*** Opening of Dataset excerpts ***

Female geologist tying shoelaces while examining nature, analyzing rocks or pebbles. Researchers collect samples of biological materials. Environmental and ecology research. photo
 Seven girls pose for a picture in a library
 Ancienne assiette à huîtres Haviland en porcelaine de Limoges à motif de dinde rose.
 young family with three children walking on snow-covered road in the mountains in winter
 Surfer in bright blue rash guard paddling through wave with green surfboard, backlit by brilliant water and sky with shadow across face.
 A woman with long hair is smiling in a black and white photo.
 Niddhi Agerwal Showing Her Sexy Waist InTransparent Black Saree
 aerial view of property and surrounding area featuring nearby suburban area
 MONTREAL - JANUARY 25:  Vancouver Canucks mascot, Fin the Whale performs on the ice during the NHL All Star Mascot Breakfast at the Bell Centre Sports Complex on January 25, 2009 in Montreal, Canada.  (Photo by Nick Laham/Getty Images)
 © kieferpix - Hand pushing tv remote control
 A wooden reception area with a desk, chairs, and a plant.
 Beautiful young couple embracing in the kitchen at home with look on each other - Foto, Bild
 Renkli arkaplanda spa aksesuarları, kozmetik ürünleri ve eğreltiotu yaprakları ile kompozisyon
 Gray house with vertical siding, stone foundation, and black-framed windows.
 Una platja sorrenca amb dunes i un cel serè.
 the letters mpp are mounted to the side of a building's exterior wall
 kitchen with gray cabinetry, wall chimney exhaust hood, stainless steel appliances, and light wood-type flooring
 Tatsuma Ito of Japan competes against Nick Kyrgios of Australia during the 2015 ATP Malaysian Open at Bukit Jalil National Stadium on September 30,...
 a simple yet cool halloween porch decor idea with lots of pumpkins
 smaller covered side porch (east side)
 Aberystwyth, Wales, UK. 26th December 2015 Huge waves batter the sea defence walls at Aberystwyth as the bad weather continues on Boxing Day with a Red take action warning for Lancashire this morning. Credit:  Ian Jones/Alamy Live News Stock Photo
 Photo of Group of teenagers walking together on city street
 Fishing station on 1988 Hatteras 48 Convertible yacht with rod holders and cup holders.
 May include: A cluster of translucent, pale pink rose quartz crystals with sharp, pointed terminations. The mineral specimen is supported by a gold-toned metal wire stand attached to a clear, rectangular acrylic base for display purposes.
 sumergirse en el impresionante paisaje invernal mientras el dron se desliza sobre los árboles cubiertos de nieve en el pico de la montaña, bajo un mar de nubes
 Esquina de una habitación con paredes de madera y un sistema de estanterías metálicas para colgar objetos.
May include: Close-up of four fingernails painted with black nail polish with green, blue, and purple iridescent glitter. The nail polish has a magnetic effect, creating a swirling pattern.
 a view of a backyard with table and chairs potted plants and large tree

*** Close of Dataset excerpts ***

**What needs to be done**
A word-for-word copy of the lines from the one with "Esquina de una" through the end of the listing is what should be returned.

**Response**
 Esquina de una habitación con paredes de madera y un sistema de estanterías metálicas para colgar objetos.
May include: Close-up of four fingernails painted with black nail polish with green, blue, and purple iridescent glitter. The nail polish has a magnetic effect, creating a swirling pattern.
 a view of a backyard with table and chairs potted plants and large tree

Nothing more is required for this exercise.